Medo do outro
MEDO DO OUTRO
Por Jorge Ribeiro
jorgeribeiroribeiro@gmail.com // www.pjribeiro.blogspot.com
Tudo que vive tem medo. Por que sentimos medo? A origem do medo está no desejo de ser absoluto? O medo é sentimento ou distanciamento dele? O que é o medo? A desconfiança de não estar sozinho? Ou o medo seria o receio de estar abandonado? A sensação do medo é a de ser vigiado ou a de ser dominado? No medo eu me sinto espiado ou eu me coloco como espião?
E esse suposto outro é meu inimigo ou pode ser um aliado? Esse outro, diverso de mim, que me mete medo, está fora de mim ou interno a mim mesmo? Depois da leitura do Des Cannibales (Michel de Montaigne), despertou-me essa reflexão de que chamamos de bárbaros e temos medo do que não temos domínio. Talvez por isso queremos exorcizar, extirpar o que não é nosso ou não são dos nossos. O diferente coloca outra possibilidade. O meu modo de ver e de ser não é o único e muito menos o melhor.
Então esse medo da alteridade seria porque nos sentimos ameaçados? Parece ser o que insinua Tzvetan Todorov no seu La peur des barbares, o que significa que o medo do outro se traduz bastante com o medo da inclusão ou da alteração. E isso acontece por risco de se perder?
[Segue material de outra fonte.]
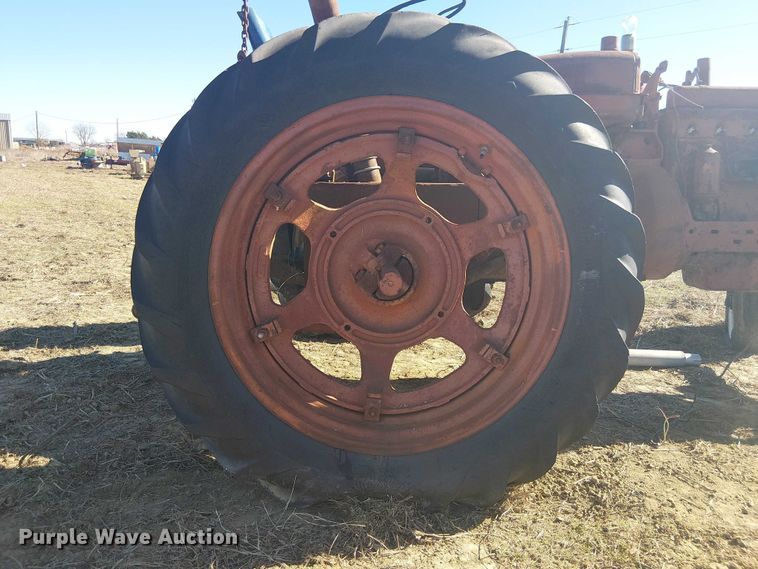 image for item EU0198 International SM tractor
O medo do selvagem (Rousseau) é o medo que vai além do confronto da civilização e dos costumes, é a desconfiança da própria dissolução no que não me pertence ou não está sob meu domínio.
Certamente no encontro e no contato consigo mesmo e com os outros ha perigos de sujeição e de submissão, ali onde a barreira entre o que se é e se quer e tudo que uma civilização ou estereótipos culturais e religiosos nos impõem não faz muita diferenciação, pois o dado e o conquistado (Deleuze e Guattari) se confundem num amálgama que parece definir a própria identidade.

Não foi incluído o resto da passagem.